The C++ standard doesn’t have a method to decorate routines to note that a device version needs to be created. Hence we rely on the compiler being able to implicitly generate this. However, it does need to discover this and can’t do so across compilation units so instead needs to rely on non-standard extensions here.

You can either decorate the routine with the CUDA “host device” attribute, or the OpenACC “acc routine” pragma.

% cat squared_d.cpp
#include "squared.hpp"

#ifdef _NVHPC_STDPAR_GPU
__host__ __device__
#endif
void squared::operator()(int& x) { x = x * x; }
% cat squared_acc.cpp
#include "squared.hpp"

#pragma acc routine
void squared::operator()(int& x) { x = x * x; }
% nvc++ -fast -stdpar squared_d.cpp main.cpp -V21.9; a.out
squared_d.cpp:
main.cpp:
49
% nvc++ -fast -stdpar -acc -Minfo=accel squared_acc.cpp main.cpp -V21.9 ; a.out
squared_acc.cpp:
squared::operator ()(int &):
      4, Generating acc routine seq
         Generating Tesla code
main.cpp:
49

Hope this helps,
Mat

1 Like

Thanks Mat, that’s really helpful.

I assume there isn’t a flag to instruct nvc++ to create device versions of all routines it encounters?

Paul

That’s a good question. We have that functionality in OpenACC (-acc=routineseq i.e. compile every routine for the device), but I don’t think we’ve tested it with stdpar.

I just tried on your simple example and it looks like the compiler attempts to offload some of the implicitly include Thrust routines. Plus it looks like it’s trying redefine some device attribute routines. It is a big hammer approach so likely would need refinement before it could be used with stdpar.

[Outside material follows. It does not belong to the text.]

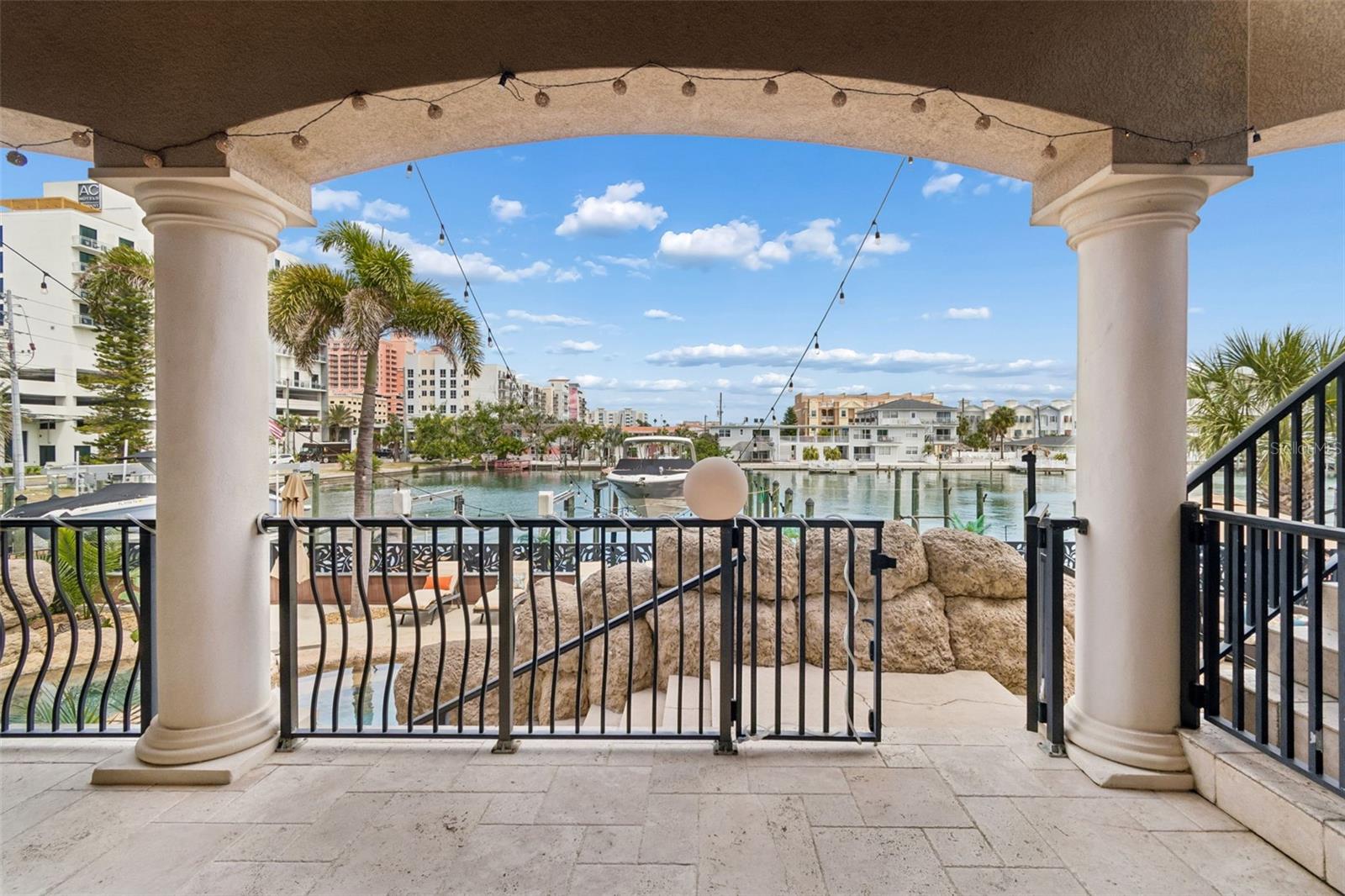 108 BAYSIDE DR, CLEARWATER BEACH, FL, 33767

Let me ask our C++ folks if it would even be feasible to implement, and if so, I can add a request for enhancement (RFE).

1 Like

It’s been 2 years, so I was wondering if this guidance (use host device/acc routine) is still up to date. Is there a better way to handle this now?

Hi aklinvex,

Yes, this is still the way I’d recommend handling compilation of device routines who’s definition is in a separate source file.

Another option to try if you can’t decorate the routines would be to use cross-file inlining so the call isn’t needed. Though cross-file inlining is a bit of a pain since it requires a two pass compile. First with the “-Mextract=lib:libname” flag across all the sources to create an inline library, and then a second pass with “-Minline=lib:libname” to inline the routines. Not all routines can be inlined, in particular larger routines, so you still might need to fall back to using “acc routine”.

-Mat